Dataset entries
+ + +
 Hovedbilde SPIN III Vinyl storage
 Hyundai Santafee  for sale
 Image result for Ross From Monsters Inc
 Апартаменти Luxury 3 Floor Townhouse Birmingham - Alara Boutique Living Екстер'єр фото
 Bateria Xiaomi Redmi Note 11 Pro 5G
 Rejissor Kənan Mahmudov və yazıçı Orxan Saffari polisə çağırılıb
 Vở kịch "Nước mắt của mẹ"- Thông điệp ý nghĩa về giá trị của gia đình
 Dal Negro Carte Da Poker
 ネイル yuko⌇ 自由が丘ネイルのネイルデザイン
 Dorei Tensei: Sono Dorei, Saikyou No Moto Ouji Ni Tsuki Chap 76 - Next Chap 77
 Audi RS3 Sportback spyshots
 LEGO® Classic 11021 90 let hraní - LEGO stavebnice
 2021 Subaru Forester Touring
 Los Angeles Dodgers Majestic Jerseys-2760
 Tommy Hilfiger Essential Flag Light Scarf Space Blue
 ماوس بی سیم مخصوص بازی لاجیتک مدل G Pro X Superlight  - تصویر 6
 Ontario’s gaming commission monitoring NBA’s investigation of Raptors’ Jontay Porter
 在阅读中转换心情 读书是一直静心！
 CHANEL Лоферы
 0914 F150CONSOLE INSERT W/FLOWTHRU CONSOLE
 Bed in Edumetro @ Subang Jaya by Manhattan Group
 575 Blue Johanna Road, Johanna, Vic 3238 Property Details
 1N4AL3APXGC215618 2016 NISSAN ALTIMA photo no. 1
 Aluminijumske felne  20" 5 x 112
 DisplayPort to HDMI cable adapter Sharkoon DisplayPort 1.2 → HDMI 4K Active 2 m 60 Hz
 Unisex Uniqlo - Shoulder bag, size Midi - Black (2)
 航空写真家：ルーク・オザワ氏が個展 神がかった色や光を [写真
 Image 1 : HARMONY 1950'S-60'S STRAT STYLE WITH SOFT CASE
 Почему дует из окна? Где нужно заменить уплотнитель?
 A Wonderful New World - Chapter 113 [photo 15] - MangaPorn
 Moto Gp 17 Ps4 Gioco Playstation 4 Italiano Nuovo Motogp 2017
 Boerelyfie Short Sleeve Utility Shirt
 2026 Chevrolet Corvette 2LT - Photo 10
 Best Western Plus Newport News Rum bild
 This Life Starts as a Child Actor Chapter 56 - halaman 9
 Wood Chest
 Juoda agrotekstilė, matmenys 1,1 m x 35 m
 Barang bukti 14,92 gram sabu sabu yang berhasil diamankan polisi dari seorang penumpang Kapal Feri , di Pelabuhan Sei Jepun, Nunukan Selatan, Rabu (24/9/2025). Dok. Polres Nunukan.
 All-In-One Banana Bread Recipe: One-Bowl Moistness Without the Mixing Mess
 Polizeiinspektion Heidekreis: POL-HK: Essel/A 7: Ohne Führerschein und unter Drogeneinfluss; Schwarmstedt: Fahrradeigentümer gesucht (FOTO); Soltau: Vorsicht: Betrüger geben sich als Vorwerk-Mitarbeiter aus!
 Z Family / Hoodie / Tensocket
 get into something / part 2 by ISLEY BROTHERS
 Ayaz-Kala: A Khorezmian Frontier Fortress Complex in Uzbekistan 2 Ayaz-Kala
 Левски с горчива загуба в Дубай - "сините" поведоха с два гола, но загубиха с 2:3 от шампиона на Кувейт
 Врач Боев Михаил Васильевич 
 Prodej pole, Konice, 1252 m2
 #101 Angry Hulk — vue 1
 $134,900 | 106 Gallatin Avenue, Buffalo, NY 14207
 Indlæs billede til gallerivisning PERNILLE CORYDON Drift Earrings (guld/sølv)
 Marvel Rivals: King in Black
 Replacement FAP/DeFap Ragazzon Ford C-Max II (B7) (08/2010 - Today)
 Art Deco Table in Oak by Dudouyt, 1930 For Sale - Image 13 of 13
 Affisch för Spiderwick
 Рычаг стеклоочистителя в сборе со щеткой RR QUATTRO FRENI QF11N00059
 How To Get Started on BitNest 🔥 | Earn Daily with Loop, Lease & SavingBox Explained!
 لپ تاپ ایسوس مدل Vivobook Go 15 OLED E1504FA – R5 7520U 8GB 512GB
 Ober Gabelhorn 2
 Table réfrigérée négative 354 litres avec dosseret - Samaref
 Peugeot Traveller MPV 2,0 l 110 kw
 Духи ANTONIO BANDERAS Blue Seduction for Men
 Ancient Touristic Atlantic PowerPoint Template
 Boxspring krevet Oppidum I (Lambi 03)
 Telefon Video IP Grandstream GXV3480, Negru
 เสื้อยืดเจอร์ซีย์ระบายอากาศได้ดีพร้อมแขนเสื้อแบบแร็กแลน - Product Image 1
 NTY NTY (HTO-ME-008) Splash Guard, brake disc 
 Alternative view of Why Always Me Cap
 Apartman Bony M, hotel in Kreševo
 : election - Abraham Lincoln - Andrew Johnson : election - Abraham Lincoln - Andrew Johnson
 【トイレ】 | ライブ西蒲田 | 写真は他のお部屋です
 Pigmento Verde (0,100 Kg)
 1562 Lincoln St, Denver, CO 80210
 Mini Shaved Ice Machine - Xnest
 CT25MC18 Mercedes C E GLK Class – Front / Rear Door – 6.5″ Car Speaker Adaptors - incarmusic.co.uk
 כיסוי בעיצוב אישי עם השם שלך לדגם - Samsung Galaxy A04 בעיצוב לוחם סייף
+ + +
Your goal
Your response should be each line that includes the word "Black", copied from the records.

Answer area
 Unisex Uniqlo - Shoulder bag, size Midi - Black (2)
 Marvel Rivals: King in Black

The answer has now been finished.